In fact, both the theories concentrate more upon what are moral actions and what are not, effectively undermining the importance of integrity in the picture. Bernard Williams, for the first time, pointed out the missing links in the theory that are important to explain the significance of integrity along with Morality. According to Williams, both the theories have put forward tenets of morality that would make the existence of integrity in humans impossible. For example, the utilitarianism theory defines a moral person as the one who always places the larger good more important than his personal goals.

It does not leave room for personal desires and goals that a person would possess. According to Williams, this makes the person neglect his duties towards his interests and desires and therefore, would not be a moral person since the “moral act” performed was done out of force and not will. This is an attack on integrity and hence rejects it. William considers Integrity as one’s personal beliefs which remain constant irrespective of the situation they are in. Integrity in a man would stand the tests of time and any other examination they need to go through.

Williams gives much importance to personal desires and aspirations which calls Projects and also bases integrity on top of it. A person is said to have integrity if he is able to do justice to the beliefs he holds true in his heart. According to Williams, “…yet, unless such things exist, there will not be enough substance or conviction in a man’s life to compel his allegiance to life itself. Life has to have substance if anything has to have sense, including adherence to the impartial system; but if it has substance, it cannot grant supreme importance to the impartial system, and that the system’s hold on it would be, at the limit, insecure.

” Williams specifically points at the utilitarian view of the impartial system which does not permit saving one’s loved ones life over another person and this effectively nullifies any beliefs that the individual holds. William believes an individual’s allegiance to life is through Projects and once they are snatched away, his will to live may vanish too. He believes morality depends on the individual and his circumstances and integrity is no different.

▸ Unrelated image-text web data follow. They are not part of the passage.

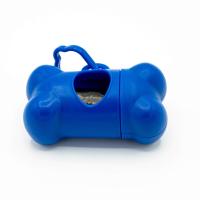 Dispensador de Bolsas para excrementos de Perros con Forma de Hueso - Soporte para Bolsas para excrementos de Mascotas (Incluye 1 Rollo de 15 Bolsas) Dispensador de Bolsas para Recogida de Colores Aleatorios (7 Colores) - details 7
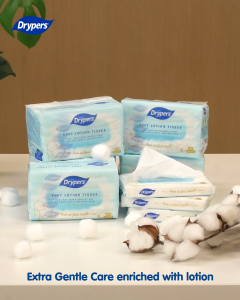 [Single Pack/Bundle of 3] Drypers Soft Lotion Tissue 3ply (5x40s)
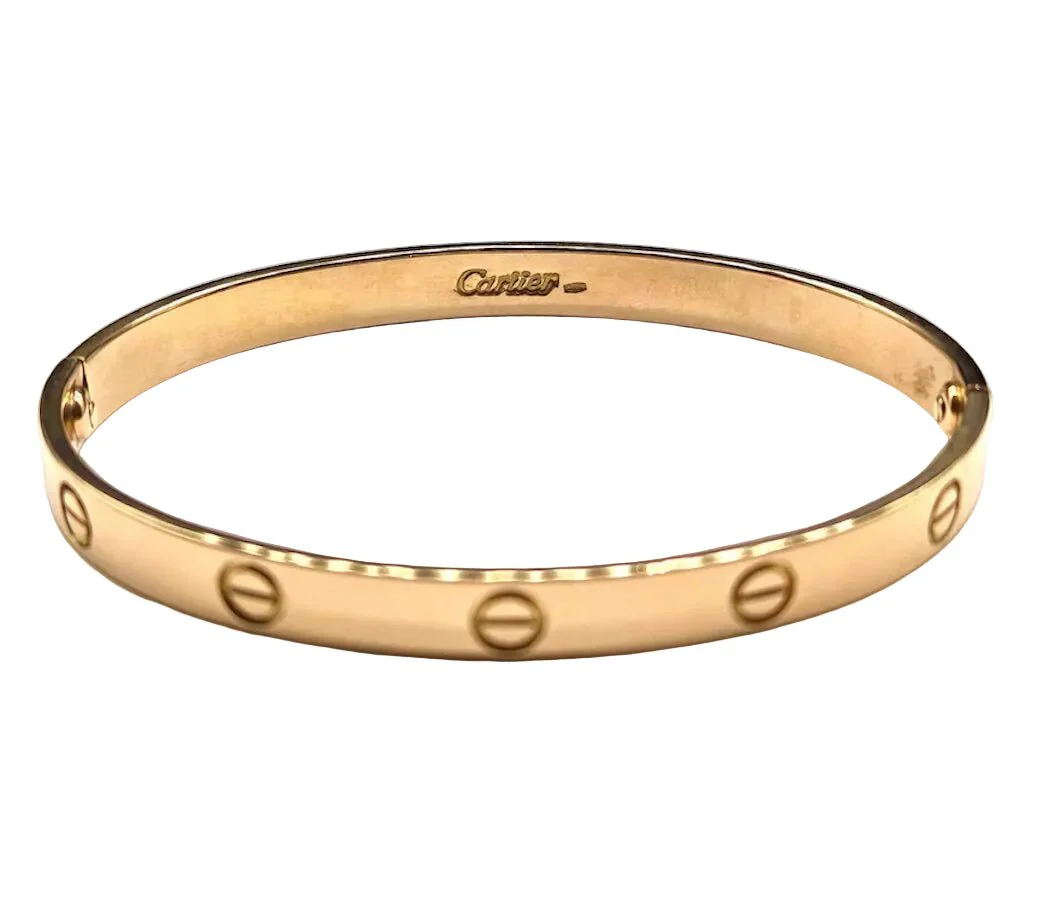 Bracelet Jonc CARTIER "Love Classique" en or jaune - Image 3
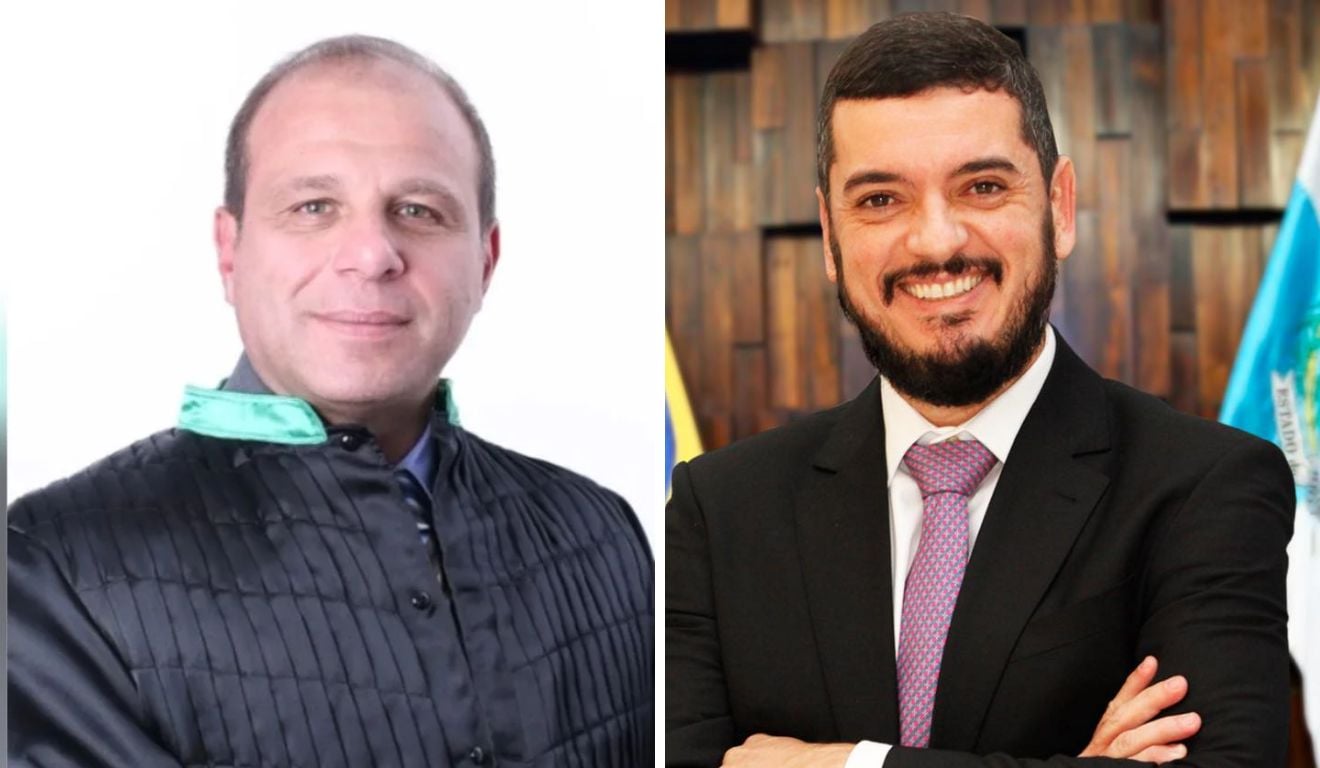 Desembargador Macário Júdice e o deputado estadual Rodrigo Bacellar Desembargador Macário Júdice e o deputado estadual Rodrigo Bacellar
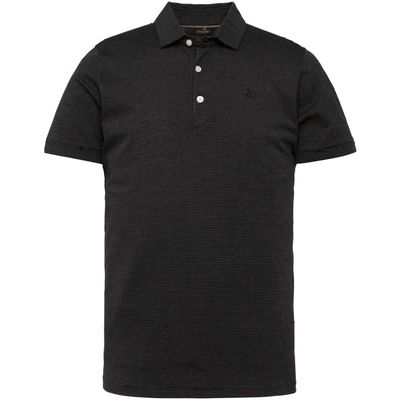 Short sleeve polo jersey mercerize black Short sleeve polo jersey mercerize black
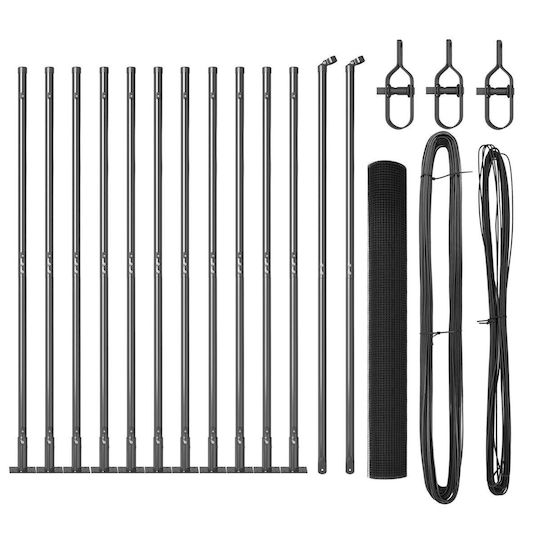 vidaXL Garden Fencing Material 1pcs Gray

An immoral person may still have integrity but no one can be moral without have integrity. Continuing on similar lines, philosopher Christine Korsgaard questions the very origin of the emergence of morality. According to Korsgaard, morality has been fed to us implicitly and has unavoidable effect on humans. Morality defines what is right and what is wrong for us and thus Korsgaard believes, it becomes very important that the origin of why a particular act is moral and the opposite is immoral is known to the one acting on it.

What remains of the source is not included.